Mark managed to move the market to another location, but the string of mistakes continued. Another miscommunication led to a team of workers tearing up train tracks they still needed. “That was a total goat fuck,” Mark says. And still another time they were ordered to build fences so soldiers wouldn’t run across a field. Mark didn’t understand why they had to spend hours putting them up. He figured they could have spent their time better, could have been doing something more constructive, even resting. He didn’t understand the reasons behind sectioning off a big patch of dirt. Later, when a unit was ambushed on the road, they were pinned between what they had built, stuck. The insurgents opened fire.

***

Sometimes people send notes asking what we’re looking for in submissions. I never really know what to say. Susannah doesn’t, either. But I think about Luis Alberto Urrea, how he says the secret to his success is that he keeps it funky. There’s funk and there’s funk.
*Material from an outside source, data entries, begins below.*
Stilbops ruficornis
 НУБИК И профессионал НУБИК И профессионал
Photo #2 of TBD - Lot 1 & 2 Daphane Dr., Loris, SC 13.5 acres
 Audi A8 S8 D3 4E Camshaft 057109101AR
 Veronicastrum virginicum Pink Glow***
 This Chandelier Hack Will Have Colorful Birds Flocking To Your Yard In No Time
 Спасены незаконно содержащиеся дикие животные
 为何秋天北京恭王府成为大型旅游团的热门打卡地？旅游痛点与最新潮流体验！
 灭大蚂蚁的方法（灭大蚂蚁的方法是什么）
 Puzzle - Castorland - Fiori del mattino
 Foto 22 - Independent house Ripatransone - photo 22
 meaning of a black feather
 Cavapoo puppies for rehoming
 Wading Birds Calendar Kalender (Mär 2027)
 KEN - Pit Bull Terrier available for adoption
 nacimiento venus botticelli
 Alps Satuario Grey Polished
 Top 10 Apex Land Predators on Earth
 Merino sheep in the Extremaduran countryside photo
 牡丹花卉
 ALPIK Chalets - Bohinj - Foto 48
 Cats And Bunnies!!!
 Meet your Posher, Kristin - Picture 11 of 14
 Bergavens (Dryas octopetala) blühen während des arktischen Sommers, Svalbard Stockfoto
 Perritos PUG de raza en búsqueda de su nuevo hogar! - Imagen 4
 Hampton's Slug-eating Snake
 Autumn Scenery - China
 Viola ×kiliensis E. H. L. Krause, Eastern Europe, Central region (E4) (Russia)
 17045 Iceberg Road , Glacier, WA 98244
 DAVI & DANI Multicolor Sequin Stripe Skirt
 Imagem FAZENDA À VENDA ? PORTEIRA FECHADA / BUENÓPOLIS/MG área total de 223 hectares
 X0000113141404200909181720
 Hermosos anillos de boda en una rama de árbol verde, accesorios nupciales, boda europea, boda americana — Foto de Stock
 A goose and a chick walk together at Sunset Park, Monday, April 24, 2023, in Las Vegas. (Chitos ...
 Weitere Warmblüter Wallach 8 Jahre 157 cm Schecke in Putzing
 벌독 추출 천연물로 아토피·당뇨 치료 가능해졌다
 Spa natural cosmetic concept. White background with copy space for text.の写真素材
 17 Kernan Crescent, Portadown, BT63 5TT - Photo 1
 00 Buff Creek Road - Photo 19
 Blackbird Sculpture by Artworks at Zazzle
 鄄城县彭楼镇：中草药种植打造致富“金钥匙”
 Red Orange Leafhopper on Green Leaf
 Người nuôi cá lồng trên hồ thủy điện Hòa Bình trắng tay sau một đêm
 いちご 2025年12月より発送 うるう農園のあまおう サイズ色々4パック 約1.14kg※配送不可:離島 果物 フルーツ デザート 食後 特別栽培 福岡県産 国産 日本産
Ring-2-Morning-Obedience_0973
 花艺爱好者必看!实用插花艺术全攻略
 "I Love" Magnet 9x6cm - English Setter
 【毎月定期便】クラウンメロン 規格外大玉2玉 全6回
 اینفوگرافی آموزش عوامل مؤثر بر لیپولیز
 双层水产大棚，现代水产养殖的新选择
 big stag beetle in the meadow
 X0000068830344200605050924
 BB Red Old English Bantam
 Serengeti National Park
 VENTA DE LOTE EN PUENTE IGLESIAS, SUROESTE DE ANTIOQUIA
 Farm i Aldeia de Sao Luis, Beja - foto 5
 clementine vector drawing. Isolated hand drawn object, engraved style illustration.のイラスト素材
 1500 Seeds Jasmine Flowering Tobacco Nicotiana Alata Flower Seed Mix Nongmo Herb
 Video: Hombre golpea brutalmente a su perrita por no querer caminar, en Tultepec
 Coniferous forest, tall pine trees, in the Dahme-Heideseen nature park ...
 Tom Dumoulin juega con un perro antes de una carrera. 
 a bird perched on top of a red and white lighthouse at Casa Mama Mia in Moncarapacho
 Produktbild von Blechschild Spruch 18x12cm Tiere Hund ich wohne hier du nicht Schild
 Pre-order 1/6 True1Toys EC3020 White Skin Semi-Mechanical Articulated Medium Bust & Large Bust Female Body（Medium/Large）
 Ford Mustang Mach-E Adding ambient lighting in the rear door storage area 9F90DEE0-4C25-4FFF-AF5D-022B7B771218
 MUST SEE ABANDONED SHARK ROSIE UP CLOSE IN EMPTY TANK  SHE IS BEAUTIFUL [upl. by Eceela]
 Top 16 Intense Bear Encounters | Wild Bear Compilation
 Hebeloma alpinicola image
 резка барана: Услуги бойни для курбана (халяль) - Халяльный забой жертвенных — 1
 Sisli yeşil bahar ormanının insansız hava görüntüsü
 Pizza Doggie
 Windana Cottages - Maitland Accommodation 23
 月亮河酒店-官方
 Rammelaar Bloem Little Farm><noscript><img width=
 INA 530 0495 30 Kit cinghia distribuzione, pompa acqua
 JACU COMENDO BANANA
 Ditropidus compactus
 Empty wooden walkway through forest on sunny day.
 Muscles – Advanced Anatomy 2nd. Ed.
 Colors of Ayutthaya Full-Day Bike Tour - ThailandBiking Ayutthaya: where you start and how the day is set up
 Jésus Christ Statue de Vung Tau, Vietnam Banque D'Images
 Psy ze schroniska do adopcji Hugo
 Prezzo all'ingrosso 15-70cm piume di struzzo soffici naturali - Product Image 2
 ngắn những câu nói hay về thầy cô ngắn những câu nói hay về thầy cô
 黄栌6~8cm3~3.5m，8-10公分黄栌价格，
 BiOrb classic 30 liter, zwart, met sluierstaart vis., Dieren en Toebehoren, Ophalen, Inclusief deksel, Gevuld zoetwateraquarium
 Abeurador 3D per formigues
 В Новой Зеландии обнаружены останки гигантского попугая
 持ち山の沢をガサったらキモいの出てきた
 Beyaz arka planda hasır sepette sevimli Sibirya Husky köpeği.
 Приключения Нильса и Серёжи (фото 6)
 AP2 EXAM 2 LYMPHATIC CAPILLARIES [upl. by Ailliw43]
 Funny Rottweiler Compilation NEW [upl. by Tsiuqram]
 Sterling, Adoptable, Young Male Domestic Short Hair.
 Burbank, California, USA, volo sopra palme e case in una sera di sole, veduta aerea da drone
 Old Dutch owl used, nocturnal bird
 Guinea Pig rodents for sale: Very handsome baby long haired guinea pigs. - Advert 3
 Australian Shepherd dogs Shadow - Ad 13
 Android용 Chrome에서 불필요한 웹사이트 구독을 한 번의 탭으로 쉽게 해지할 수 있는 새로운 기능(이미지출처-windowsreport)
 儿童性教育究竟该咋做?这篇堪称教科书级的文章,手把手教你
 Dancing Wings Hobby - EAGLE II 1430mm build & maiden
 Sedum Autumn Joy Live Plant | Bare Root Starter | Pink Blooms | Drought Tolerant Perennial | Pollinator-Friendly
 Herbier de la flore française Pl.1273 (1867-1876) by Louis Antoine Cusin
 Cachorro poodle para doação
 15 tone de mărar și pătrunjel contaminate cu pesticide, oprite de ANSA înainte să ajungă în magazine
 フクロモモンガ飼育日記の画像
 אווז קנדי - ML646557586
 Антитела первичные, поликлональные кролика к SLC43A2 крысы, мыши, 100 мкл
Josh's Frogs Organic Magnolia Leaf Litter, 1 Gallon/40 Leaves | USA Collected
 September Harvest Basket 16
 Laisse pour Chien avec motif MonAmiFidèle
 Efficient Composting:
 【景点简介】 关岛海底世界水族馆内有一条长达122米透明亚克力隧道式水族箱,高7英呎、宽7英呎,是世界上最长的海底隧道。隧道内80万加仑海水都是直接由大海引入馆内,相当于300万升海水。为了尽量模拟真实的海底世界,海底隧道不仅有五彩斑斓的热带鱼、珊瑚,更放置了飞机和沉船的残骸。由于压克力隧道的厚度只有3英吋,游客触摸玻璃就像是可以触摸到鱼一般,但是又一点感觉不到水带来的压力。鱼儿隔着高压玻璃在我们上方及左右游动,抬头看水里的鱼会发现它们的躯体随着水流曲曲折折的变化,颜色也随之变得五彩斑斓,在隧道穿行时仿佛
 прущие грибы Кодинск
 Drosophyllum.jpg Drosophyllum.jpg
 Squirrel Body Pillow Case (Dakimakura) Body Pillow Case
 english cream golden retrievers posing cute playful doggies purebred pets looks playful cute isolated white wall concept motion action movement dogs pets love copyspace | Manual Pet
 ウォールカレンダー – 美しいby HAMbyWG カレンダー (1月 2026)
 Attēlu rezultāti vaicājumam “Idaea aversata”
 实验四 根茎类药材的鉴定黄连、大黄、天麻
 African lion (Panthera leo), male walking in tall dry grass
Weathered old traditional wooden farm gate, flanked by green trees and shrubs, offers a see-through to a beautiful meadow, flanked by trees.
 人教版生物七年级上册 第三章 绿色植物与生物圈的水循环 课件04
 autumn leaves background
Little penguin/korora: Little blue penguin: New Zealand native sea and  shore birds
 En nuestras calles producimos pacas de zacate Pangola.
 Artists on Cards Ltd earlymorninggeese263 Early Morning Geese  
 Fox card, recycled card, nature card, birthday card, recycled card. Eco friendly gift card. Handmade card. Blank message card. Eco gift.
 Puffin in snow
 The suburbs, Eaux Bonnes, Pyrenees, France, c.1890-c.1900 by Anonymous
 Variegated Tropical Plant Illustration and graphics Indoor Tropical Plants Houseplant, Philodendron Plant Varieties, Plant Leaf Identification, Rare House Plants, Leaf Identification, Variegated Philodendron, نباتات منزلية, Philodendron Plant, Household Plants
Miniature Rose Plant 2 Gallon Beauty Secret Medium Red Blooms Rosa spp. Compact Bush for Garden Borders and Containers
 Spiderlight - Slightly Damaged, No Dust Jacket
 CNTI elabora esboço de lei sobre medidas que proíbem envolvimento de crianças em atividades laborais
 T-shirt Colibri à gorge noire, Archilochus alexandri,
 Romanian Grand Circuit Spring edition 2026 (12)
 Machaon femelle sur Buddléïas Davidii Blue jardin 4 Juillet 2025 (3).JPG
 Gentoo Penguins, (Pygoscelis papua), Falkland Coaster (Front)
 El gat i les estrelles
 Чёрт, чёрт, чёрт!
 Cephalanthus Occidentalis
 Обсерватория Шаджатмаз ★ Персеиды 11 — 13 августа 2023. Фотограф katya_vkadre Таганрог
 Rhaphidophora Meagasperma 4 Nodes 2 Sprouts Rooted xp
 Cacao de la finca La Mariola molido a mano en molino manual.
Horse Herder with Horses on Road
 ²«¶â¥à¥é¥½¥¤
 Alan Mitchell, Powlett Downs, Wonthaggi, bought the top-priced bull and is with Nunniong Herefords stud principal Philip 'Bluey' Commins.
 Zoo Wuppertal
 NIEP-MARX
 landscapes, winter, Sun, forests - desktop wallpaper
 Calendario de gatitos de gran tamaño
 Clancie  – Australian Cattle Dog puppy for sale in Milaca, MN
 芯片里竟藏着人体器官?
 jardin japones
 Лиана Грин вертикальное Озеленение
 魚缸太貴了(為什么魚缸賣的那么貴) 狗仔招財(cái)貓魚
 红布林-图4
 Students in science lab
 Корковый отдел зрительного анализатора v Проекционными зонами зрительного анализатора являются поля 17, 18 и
And that’s pretty much what we’re looking for here at UFR. We want you to bring the funk.

***

Another time they picked up a 45 year-old woman, Karen, who was wondering what life was like outside the Green Zone. She asked Mark’s unit what they did, if they went shopping, if they had a pool. She was drinking coffee, something Mark told his crew to never do. “We had to piss enough as it was,” he says. They were always drinking water to stay alive in the heat.  “Caffeine dehydrates you,” he continues. “And it makes you go.” He laughs. “She was fucked.”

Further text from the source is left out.